▶ **Work to complete**: Skip the pictures, please, and write out exactly every line from the one containing "To prepare the" through the end of the listing below.

··· Records for this task

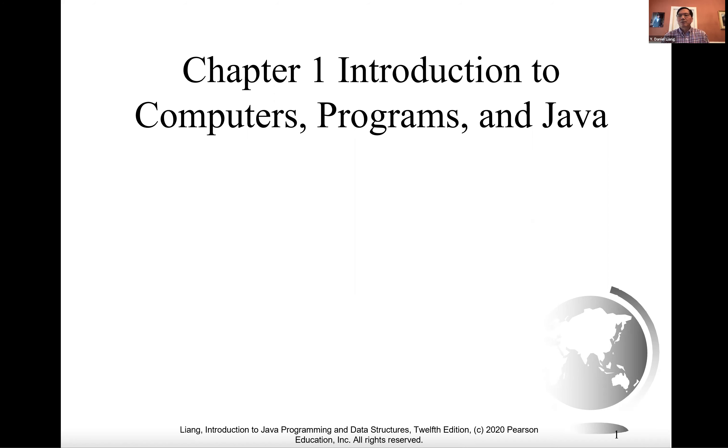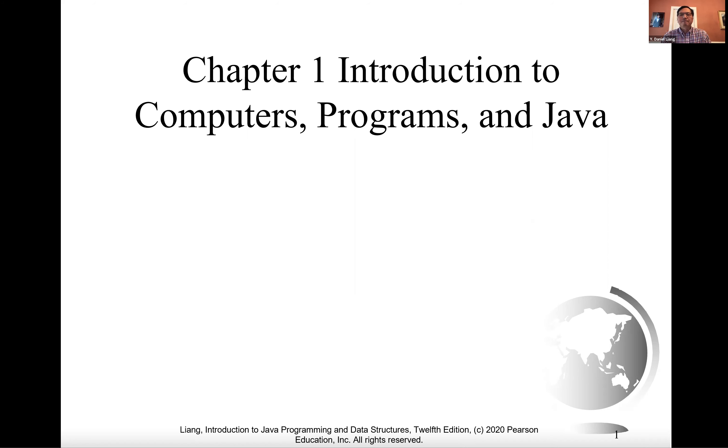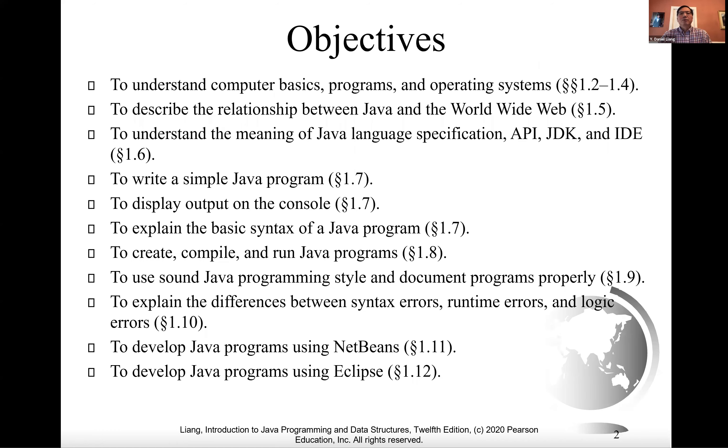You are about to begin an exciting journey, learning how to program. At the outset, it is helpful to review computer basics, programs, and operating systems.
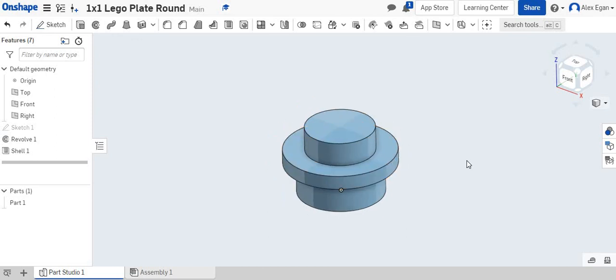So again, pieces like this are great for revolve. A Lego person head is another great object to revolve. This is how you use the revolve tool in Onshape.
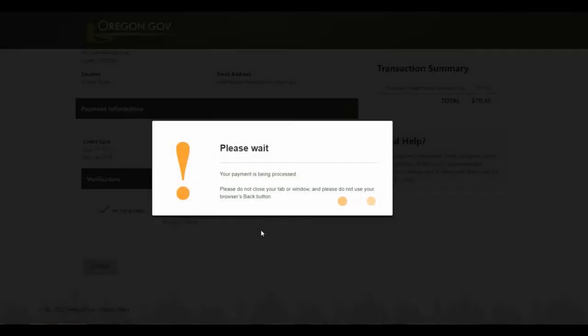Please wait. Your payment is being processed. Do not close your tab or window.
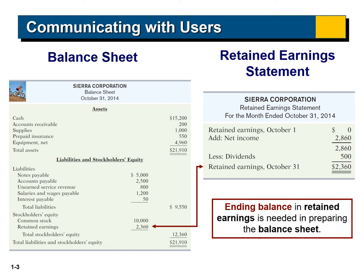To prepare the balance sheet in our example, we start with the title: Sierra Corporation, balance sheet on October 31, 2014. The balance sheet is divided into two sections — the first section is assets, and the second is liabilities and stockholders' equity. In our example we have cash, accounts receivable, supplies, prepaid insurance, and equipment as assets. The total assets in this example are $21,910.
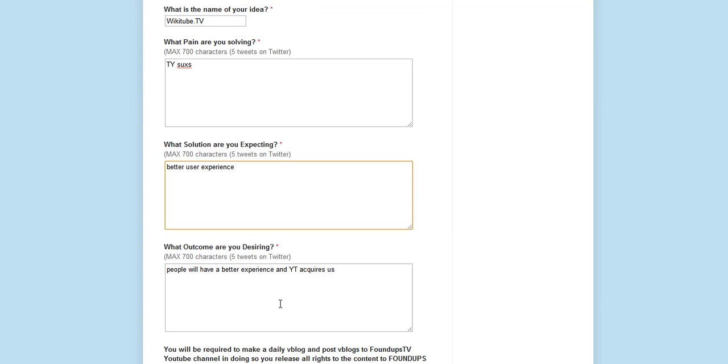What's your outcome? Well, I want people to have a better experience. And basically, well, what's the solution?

······

▶ **Solution to this exercise**:
To prepare the balance sheet in our example, we start with the title: Sierra Corporation, balance sheet on October 31, 2014. The balance sheet is divided into two sections — the first section is assets, and the second is liabilities and stockholders' equity. In our example we have cash, accounts receivable, supplies, prepaid insurance, and equipment as assets. The total assets in this example are $21,910.
What's your outcome? Well, I want people to have a better experience. And basically, well, what's the solution?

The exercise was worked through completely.